Gowin przyznał, że jego stanowisko ws. Trybunału Stanu może się zmienić. - Mówię o sytuacji hipotetycznej, bo na razie dowodów na to nie ma, ani nawet nie ma jakichś poważnych przesłanek, ale gdyby się okazało, że Donald Tusk blokował działania ABW zmierzające do położenia kresu funkcjonowaniu Amber Gold - wyjaśnił wicepremier.
Zobacz też: Donald Tusk i Jarosław Kaczyński - historia pewnej znajomości
Dodał, że nigdy nie miał powodów, aby podejrzewać Tuska o "lepkie ręce".
- Mój spór z nim był sporem czysto politycznym. Aczkolwiek muszę też powiedzieć, że w czasach, kiedy już odszedłem z Platformy i kiedy, jak się okazało Donald Tusk już się przygotowywał do przejścia na inny obszar działań, przygotowywał do objęcia tej funkcji, którą dzisiaj piastuje, to na przykład jego kontakty z przedsiębiorcami stały się znacznie częstsze - zauważył Gowin, podkreślając, że wyjazd byłego lider PO z Polski był ucieczką przed problemami.
"Polityka ciepłej wody w kranie"
- Nie o to chodzi, że czuję się czysty jak łza. Jak minister sprawiedliwości (w rządzie PO-PSL - dop. red.) nie mam sobie nic do zarzucenia. Ale mam sobie do zarzucenia jako polityk PO, bo państwo nie zadziałało. To było państwo teoretyczne - mówił o Amber Gold wicepremier oraz szef resortu nauki i szkolnictwa wyższego.
- Uprawialiśmy politykę ciepłej wody w kranie. W praktyce bardzo często oznaczało to chowanie głowy w piasek. Jestem pewien, że dzisiejsze państwo poradziłoby sobie z Amber Gold - ocenił Gowin. Polityk zapewnił, że jako minister sprawiedliwości w rządzie Donalda Tuska nie dostał notatki ABW.

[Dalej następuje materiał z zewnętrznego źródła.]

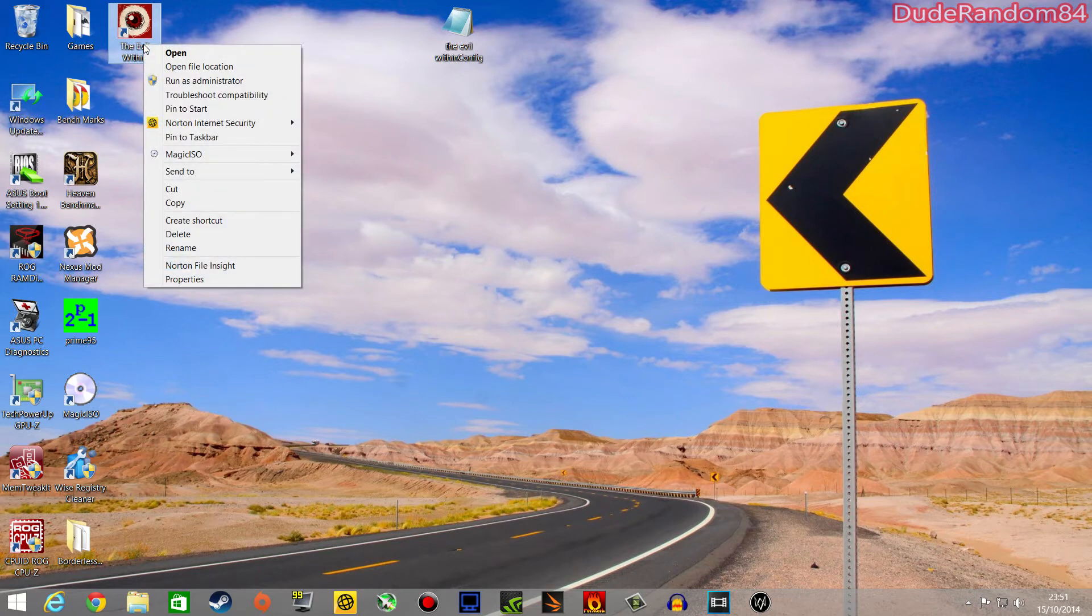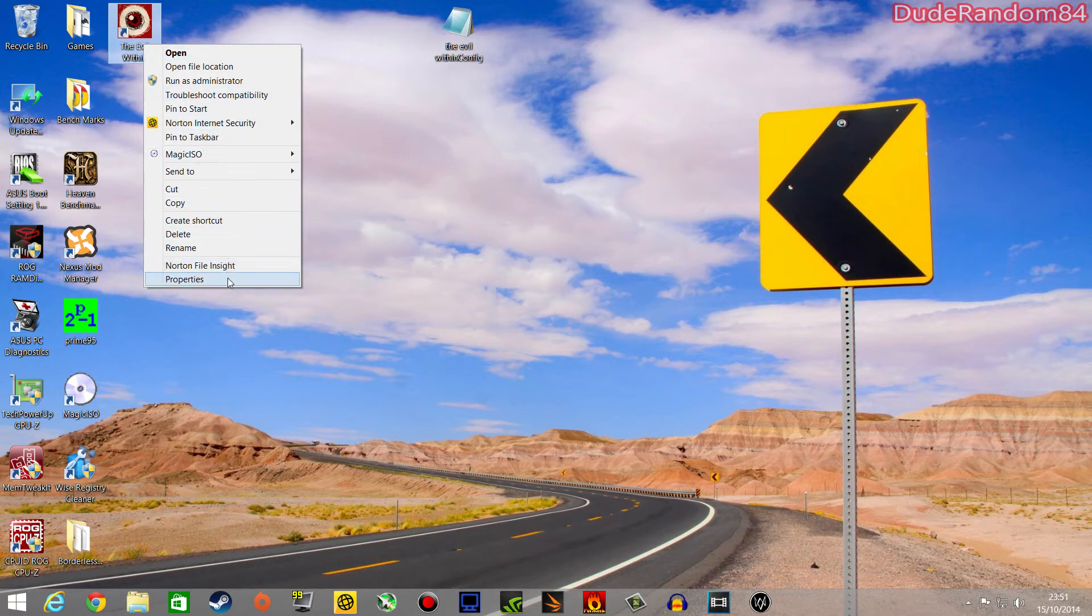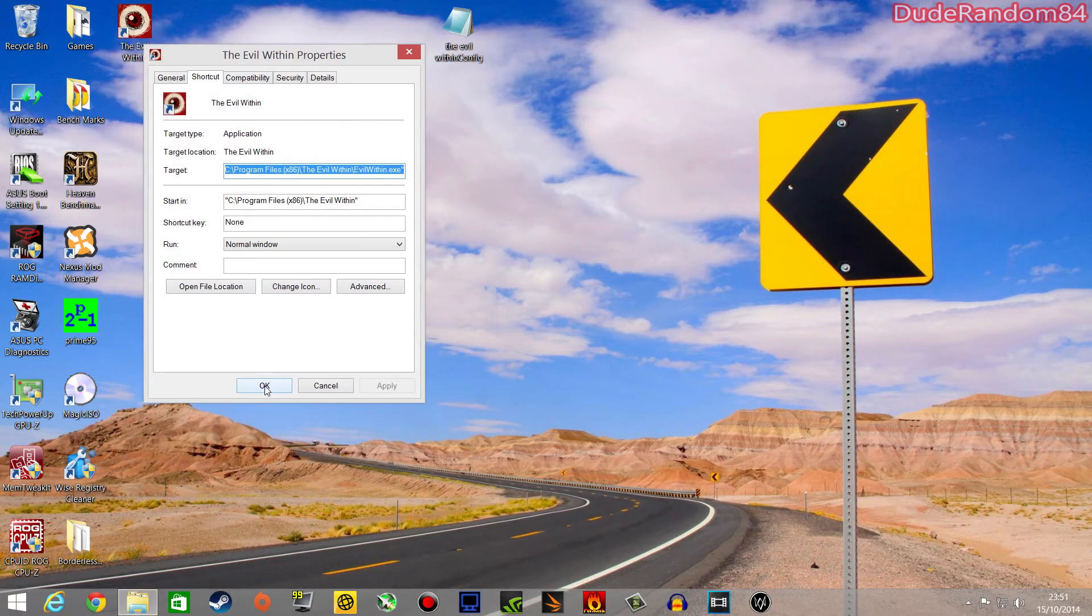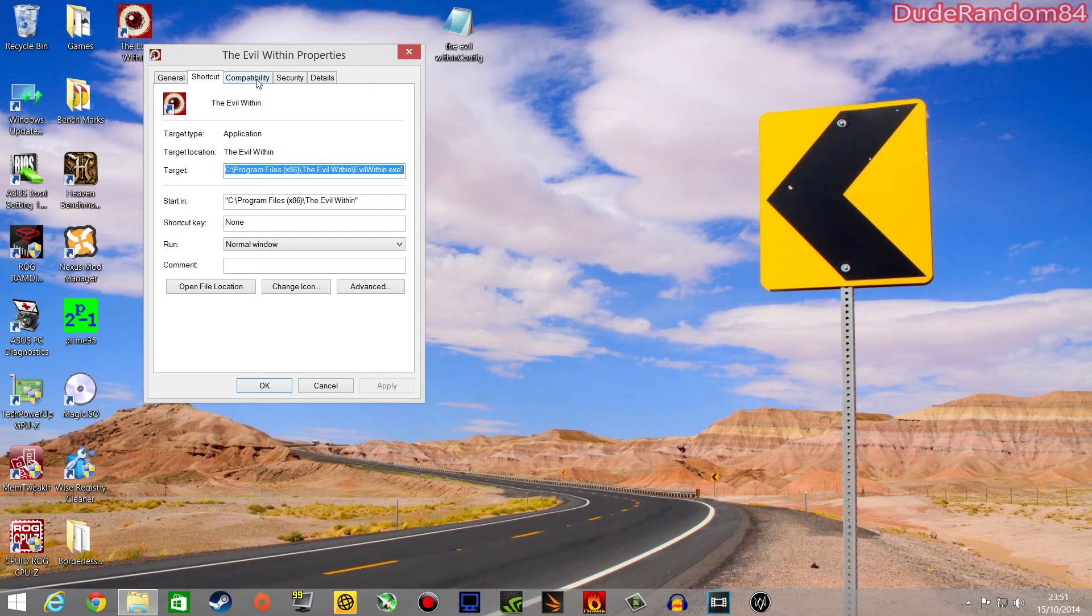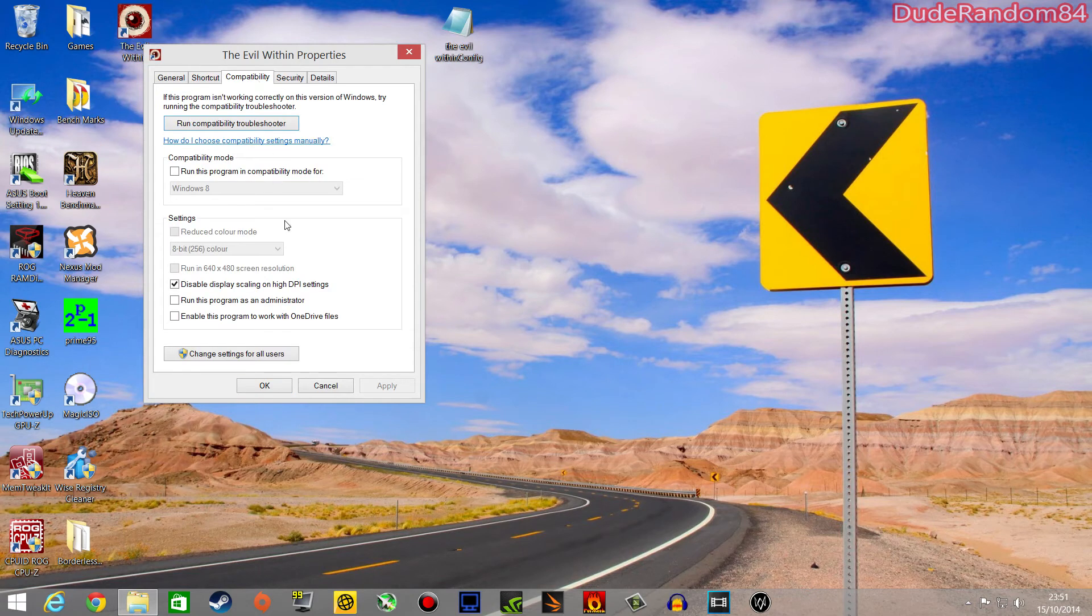Right-click the shortcut, go down to Properties, and Compatibility. I'm on Windows 8.1, but I have no idea if it's any different on any other operating system.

Pytany przez Konrada Piaseckiego o SKOK-i i działania państwa w tej sprawie, odpowiada, że czym innym jest prowadzenie działalności przestępczej, a czym innym działalność legalna, która przynosi straty. - Pytanie do ekspertów, w jaki sposób objąć skuteczniejszą ochroną SKOK-i. Jako minister nauki chętnie zaproszę ekspertów do siebie i porozmawiam na ten temat - powiedział wicepremier. Jego zdaniem za SKOK-iem Wołomin i Amber Gold stały te same środowiska.